O logístico Hugo Agostinho recorda os desafios que há que ultrapassar para chegar a pacientes nas periferias da cidade de Mulungo

Estradas pavimentadas são raras e as estruturas de saúde poucas, o que faz com que na MSF tenhamos de ser especialmente criativos para conseguir alcançar as populações, sobretudo nas zonas mais remotas e periféricas em Kivu do Sul.

Vamos onde os outros não chegam, e mesmo quando apenas os nossos recursos não chegam.

Uma manhã de sábado chegou-nos a notícia de que a ponte tinha caído… a 22ª ponte que separava os últimos cinco quilómetros do centro de saúde onde semanalmente prestamos apoio. Os curtos 25 quilómetros percorridos de uma extenuante jornada de três horas em cima de uma mota nunca pareceram tão impossíveis de ultrapassar. E a desilusão era partilhada entre a equipa da MSF, o staff do Zona de Saúde e a frágil população. Como chegar agora às crianças, mães e mulheres vítimas de desnutrição, de malária e de violência sexual? E o suporte humano e material aos centros de saúde para lá desta nova barreira tão complexa de transpor?

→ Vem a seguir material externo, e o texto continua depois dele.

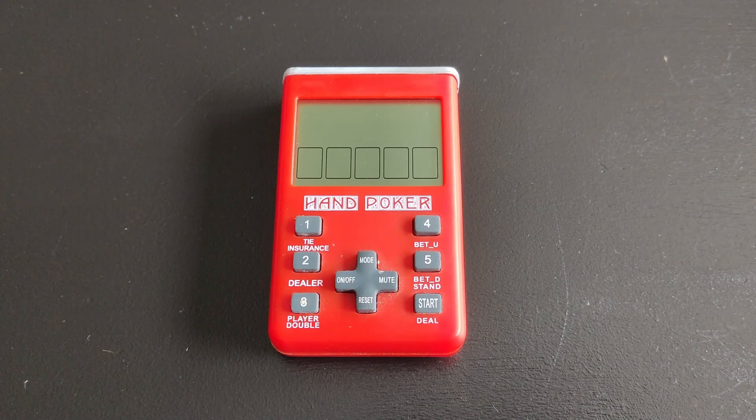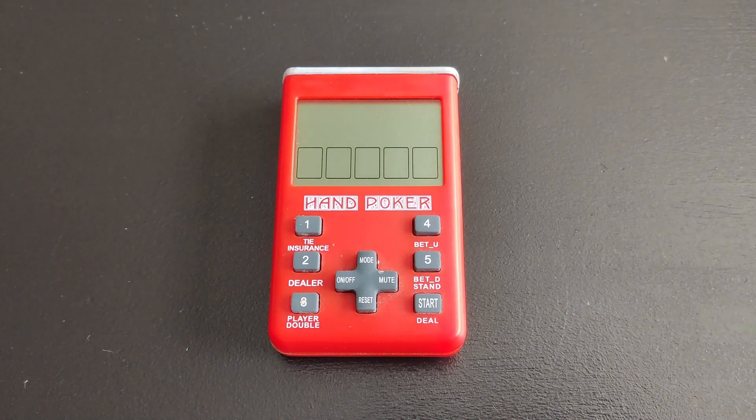Hi everyone, Ironclad Corpora here and welcome to another Back to the 80s video where I feature cool and vintage LCD games or LCD handhelds from the 80s. I get them from local eBays and secondhand markets. A couple of days ago I got this on a local market, and as you see, it's the Hand Poker.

Não passaram três semanas e a (não tão) frágil população encontrou uma solução. Uma ponte em lianas, sobre a qual se contavam 35 passos – cerca de 20 metros – num abismo sobre o rio Lubimbe que corria ferozmente uns 20 metros debaixo dos nossos pés!

Não tardou a que às três horas de mota, se acrescentasse uma hora de caminhada pela antiga estrada colonial engolida pela floresta, da qual apenas resta um estreito carreiro cujo piso mais comum é uma lama pegajosa, produto da quase diária presença da chuva.

E algumas semanas mais tarde acrescentaram-se também um dia e meio de caminhada, montanha acima montanha abaixo, floresta fora, para chegar a outro centro de saúde a 35 quilómetros de distância.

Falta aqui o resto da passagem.